PICKLED GINGER: This familiar accompaniment to sushi—known as gari in the specialized vocabulary of sushi restaurants—is made from fresh ginger, marinated until tender and pink in a rice-vinegar brine and then sliced paper-thin along the grain. It is served both to cleanse the palate and to complement the flavor of fresh raw fish and vinegared rice.
GINGER TEA: Ginger is steeped alone in water to make a cleansing tonic “tea” in various parts of Asia, but it was also one of the first additives to Chinese tea, as early as the Tang period (A.D. 618-907). A steaming cupful soothes the stomach and the soul.
POWDERED GINGER: This mainstay of baking, which comes in several grades, has a character and a history of its own. India is the oldest source of this rich, warm spice; Jamaica provides the most expensive and highly prized example. Chinese ginger is nearly as good, and less costly. As with any ground spice, aroma and flavor are fragile, so buy in small quantities.
PRESERVED GINGER: Fresh ginger mellowed in sugar syrup is delicious as a spicy-sweet condiment or frozen in ice creams. Chinese preserves, like the naturally tawny and the brilliant red-dyed gingers, are often flavored with a touch of salt and licorice. Since the 1940s, Australia’s “ginger coast” in Queensland has also produced superb preserved ginger for export.

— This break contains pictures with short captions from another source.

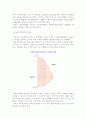 산업인력개발 교수학습의 개념과 구성요소 4페이지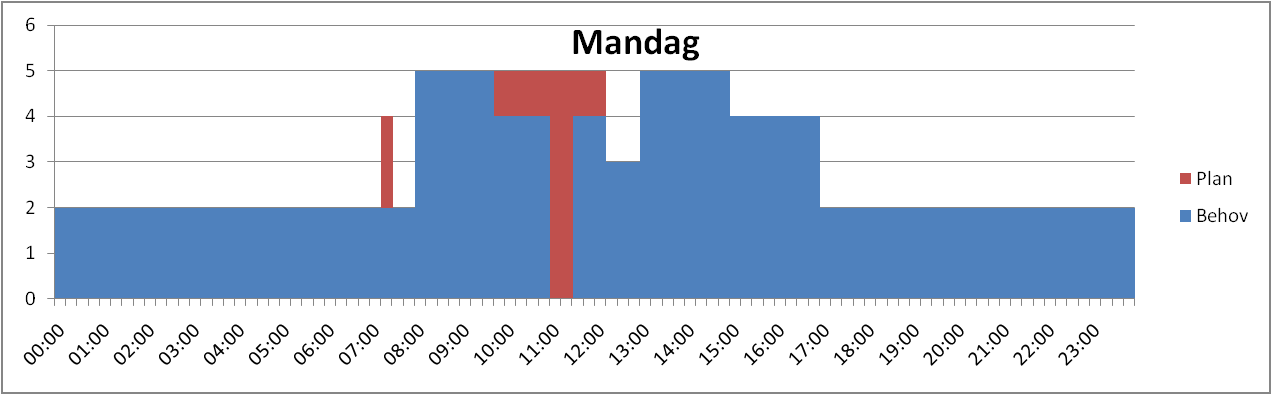 Bemanningsplan for eksempel 1 Reflekterer behovskurven Bemanningsplan for kompetansenivå 1 Kode Start Slutt Mandag Tirsdag Onsdag Torsdag Fredag Lørdag Søndag Total D 07:15 12:15 2 2 2 2 2 2 2 14 D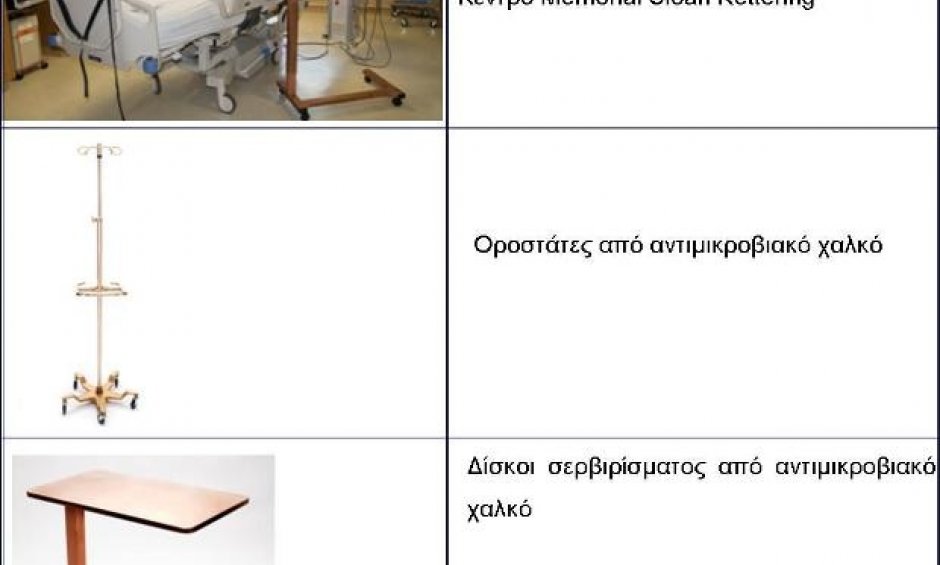 Μειώνει τον κίνδυνο λοιμώξεων ο αντιμικροβιακός χαλκός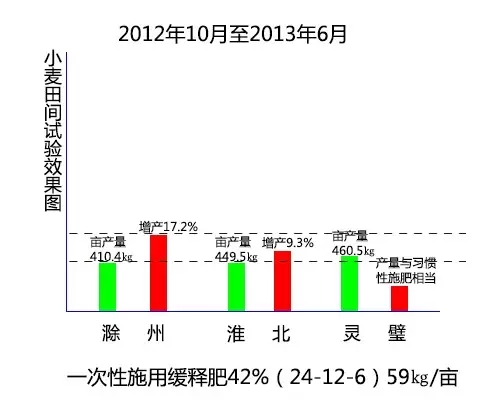 2012年10月至2013年6月，安徽省土壤肥料总站分别在滁州、淮北、灵璧三地对茄子视频破解版缓释肥料进行小麦田间试验。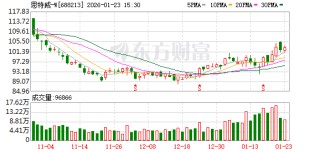 智能手机、汽车电子等领域收入大幅增长 思特威2025年净利润预增149%到162%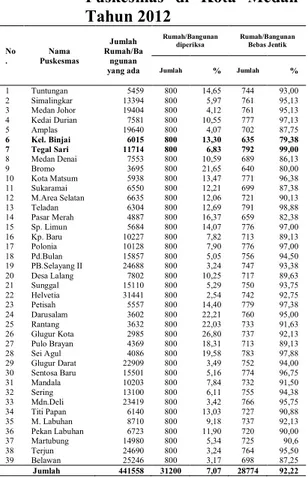 Tabel 4.7. menunjukkan bahwa pada tahun  2012 angka bebas jentik tertinggi terjadi di  Puskesmas  Tegal  Sari  yaitu  sebesar  99% 
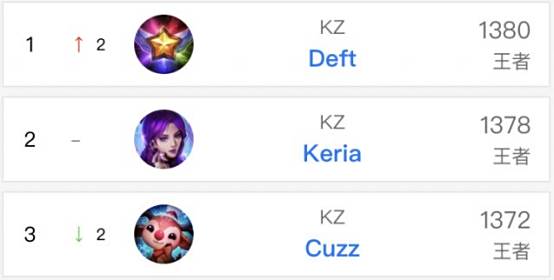 我们同样可 我们同样可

DRIED GINGER: Keeping dried ginger on hand allows you to grind it only as needed—providing surprisingly true ginger flavor. Buy it in an Indian or Chinese market, or dry your own: choose mature rhizomes for sharper taste, peel them if you wish, and let them bake in the sun for two weeks. To use, break into small pieces, and reduce to powder in an electric coffee grinder.
CRYSTALLIZED GINGER: Slow-cooked in sugar water, then rolled in granulated sugar, candied ginger is a treat with a gentle, warming bite. It’s also one of the world’s oldest candies, and turns up in Marco Polo’s descriptions of Chinese street food. Western diners, from medieval England to colonial America, nibbled slices of candied ginger after meals as both dessert and digestif.